The EU's Pharma Strategy in a Post COVID-19 World

By Patricia Van Arnum - DCAT Editorial Director

May 12, 2020

European Union (EU) health ministers met this week (May 12, 2020) to begin discussing a pharmaceutical strategy for the EU, a move originally put forth in January of this year (2020), but which now will take into account the EU's economic recovery plan in the wake of the novel coronavirus (COVID-19) pandemic. What has been discussed thus far?

The EU’s pharmaceutical strategy

Before the COVID-19 outbreak, the European Commission had put on its agenda for 2020 a work program to develop an EU-based pharmaceutical strategy. This week (May 12, 2020), the EU health ministers met via video conference to discuss access to medicines and to provide initial feedback for its Pharmaceutical Strategy for Europe.
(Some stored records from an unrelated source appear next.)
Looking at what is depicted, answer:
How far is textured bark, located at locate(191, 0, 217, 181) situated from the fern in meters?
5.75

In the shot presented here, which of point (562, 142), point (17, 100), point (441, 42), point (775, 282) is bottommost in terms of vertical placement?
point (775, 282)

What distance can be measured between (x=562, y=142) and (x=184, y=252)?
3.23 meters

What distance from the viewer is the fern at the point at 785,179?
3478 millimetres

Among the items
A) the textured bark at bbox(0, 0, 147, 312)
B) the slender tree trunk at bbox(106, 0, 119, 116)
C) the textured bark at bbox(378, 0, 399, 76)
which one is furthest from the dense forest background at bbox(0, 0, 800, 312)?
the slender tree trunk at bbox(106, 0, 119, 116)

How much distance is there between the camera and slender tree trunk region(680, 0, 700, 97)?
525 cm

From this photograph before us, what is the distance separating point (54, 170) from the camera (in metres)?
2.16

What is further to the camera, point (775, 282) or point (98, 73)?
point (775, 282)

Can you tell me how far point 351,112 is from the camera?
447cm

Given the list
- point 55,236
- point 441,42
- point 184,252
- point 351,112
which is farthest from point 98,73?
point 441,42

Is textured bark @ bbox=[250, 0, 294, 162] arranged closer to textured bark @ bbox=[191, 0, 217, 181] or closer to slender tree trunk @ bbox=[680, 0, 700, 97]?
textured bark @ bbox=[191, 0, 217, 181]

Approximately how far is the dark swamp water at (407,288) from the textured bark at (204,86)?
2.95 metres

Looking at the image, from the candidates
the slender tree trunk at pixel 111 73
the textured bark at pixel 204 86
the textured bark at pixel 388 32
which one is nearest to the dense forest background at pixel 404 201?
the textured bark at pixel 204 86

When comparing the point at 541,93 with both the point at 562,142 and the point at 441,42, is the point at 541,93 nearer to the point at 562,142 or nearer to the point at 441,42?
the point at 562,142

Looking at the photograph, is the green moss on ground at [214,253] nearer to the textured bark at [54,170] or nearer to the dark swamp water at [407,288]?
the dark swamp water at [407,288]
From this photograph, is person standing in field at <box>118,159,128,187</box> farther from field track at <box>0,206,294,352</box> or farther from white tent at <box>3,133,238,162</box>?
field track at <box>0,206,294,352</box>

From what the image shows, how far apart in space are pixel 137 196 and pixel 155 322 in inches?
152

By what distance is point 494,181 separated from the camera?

The meeting, originally to be held in Zagreb, Croatia, was chaired by Dr Vera Katalinić-Janković, Assistant Minister of Health of Croatia, with participation from Stella Kyriakides, the European Commissioner of Health and Food Safety, and Professor Guido Rasi, Executive Director of the European Medicines Agency.

In her opening remarks, Commissioner Kyriakides highlighted universality and access as two overarching goals to enable security of supply of medicines. Both Commissioner Kyriakides and the EMA's Executive Director Rasi stressed the importance of early detection of shortages and increased production in the EU in order to ensure the security of the supply of medicines on the internal market.

“The coronavirus pandemic has showed us more than ever that we need develop a new EU pharmaceutical strategy to ensure affordability, sustainability and security of supply,” said Dr. Katalinić-Janković in a May 12, 2020 statement. “We need to establish the means to produce medicines within the EU and ensure that citizens and hospitals can have access to essential medicines at all times. We have a collective responsibility to put the patient at the center and I welcome today’s [May 12, 2020] constructive discussion with Ministers."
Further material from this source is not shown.